→ **RECORDS PROVIDED**:
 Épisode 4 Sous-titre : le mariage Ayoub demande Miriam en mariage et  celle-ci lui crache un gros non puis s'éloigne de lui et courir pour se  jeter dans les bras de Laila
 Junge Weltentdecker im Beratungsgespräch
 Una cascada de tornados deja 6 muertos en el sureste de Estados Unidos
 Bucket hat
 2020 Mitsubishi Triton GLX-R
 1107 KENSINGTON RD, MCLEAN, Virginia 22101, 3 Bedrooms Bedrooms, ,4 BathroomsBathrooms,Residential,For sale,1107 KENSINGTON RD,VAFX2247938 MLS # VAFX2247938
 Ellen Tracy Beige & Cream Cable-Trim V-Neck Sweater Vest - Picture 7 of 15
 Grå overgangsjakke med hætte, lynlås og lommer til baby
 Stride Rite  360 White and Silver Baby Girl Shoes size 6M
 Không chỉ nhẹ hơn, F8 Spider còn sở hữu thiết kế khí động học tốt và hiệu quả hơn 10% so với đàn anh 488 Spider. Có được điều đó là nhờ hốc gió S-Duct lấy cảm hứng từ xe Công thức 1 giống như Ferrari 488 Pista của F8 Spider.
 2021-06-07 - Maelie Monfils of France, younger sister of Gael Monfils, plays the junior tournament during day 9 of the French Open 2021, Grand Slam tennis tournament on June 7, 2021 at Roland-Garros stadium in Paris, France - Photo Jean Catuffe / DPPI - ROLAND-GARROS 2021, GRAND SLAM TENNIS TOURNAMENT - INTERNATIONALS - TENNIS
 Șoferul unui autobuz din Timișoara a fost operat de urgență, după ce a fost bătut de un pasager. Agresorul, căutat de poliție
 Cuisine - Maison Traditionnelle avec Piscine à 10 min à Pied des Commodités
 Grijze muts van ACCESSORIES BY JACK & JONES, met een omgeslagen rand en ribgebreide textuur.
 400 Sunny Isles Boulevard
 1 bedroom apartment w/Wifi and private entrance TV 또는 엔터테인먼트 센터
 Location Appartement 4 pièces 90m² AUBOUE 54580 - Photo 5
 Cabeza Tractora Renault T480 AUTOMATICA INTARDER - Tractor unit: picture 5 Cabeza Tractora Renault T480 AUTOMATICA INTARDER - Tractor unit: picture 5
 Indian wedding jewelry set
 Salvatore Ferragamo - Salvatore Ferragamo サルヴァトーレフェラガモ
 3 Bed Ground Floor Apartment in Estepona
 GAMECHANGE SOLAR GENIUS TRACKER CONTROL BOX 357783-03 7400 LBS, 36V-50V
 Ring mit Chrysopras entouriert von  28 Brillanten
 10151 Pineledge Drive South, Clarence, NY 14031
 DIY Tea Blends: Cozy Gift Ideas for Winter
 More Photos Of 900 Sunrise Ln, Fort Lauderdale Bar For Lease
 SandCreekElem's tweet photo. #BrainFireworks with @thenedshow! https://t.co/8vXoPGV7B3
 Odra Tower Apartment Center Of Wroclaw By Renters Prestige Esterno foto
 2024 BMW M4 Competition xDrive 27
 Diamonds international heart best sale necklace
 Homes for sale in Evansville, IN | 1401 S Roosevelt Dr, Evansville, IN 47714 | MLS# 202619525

→ **WHAT TO DO**: The required output is the line containing "DIY Tea Blends: Cozy Gift Ideas for Winter" through the last line of the records above, each copied exactly and nothing more.

→ **SOLUTION**:
 DIY Tea Blends: Cozy Gift Ideas for Winter
 More Photos Of 900 Sunrise Ln, Fort Lauderdale Bar For Lease
 SandCreekElem's tweet photo. #BrainFireworks with @thenedshow! https://t.co/8vXoPGV7B3
 Odra Tower Apartment Center Of Wroclaw By Renters Prestige Esterno foto
 2024 BMW M4 Competition xDrive 27
 Diamonds international heart best sale necklace
 Homes for sale in Evansville, IN | 1401 S Roosevelt Dr, Evansville, IN 47714 | MLS# 202619525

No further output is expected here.